Es ist eine dieser Sportarten, die viele irgendwann im Fernsehen verfolgt oder im Urlaub auf der Hotelanlage vielleicht sogar selbst ausprobiert haben. Aber so richtig viel weiß man über den Bogensport nicht. Und es ist eine dieser Trainerinnen, die seit Jahrzehnten ihr Wissen und Erfahrung an die jungen Sportler der Region weitergibt. Aber so richtig viel weiß man über Gabi Möslein nicht. Zeit, beide Wissenslücken ein wenig zu füllen, den Bogen quasi zu spannen. Denn darum geht es beim Bogenschießen: um Zielscheibe, Pfeil und eben einen Bogen.
Dieser elastische Stab wirkt beim Spannen wie eine Feder, die Energie aufbaut und den Pfeil anschließend mit bis zu 250 Kilometern pro Stunde in Richtung Scheibe schickt.

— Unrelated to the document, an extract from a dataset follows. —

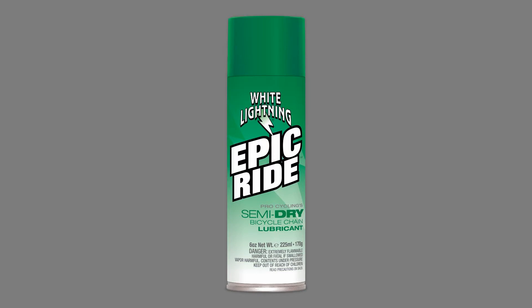White Lightning Epic Ride is a light synthetic lubricant that is cleaner than a wet lube and more durable than a dry lube. It is the perfect choice for people riding in all weather conditions. Epic Ride provides long-haul durability without excessive grime buildup.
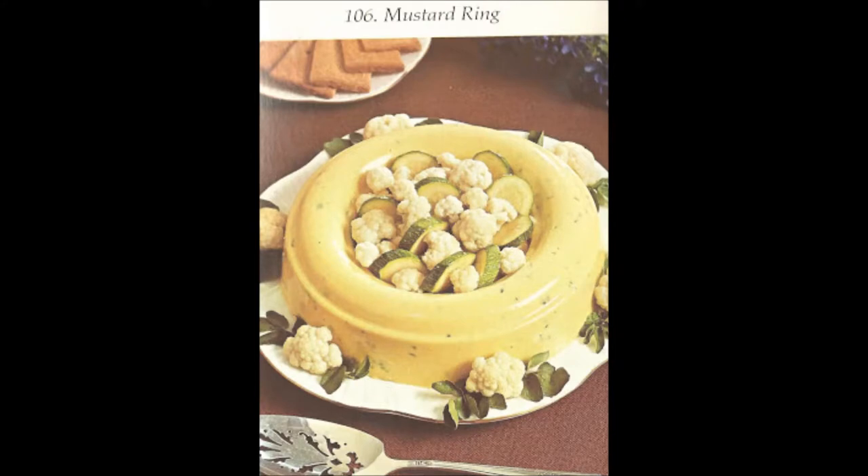Mustard ring — how I hate thee. Not only is this yet another gelatin-thickened monstrosity, but that's basically what it is: mustard molded into a ring with a bunch of raw vegetables. It's not really dippable — you're supposed to cut a wedge of this for people and let them select some crudité to eat along with yellow mustard suspended in gelatin. Do I need to say any more?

Dort gibt es für Treffer auf die farbigen Ringe Punkte – in der kleinen Mitte die meisten, im breiten Außenbereich die wenigsten. Um die Pfeile, für die Wettkampfsportler in einer Saison bis zu 500 Euro investieren, möglichst genau und innerhalb der von einer Ampel geregelten Zeit ins Ziel zu bringen, bedarf es Konzentration.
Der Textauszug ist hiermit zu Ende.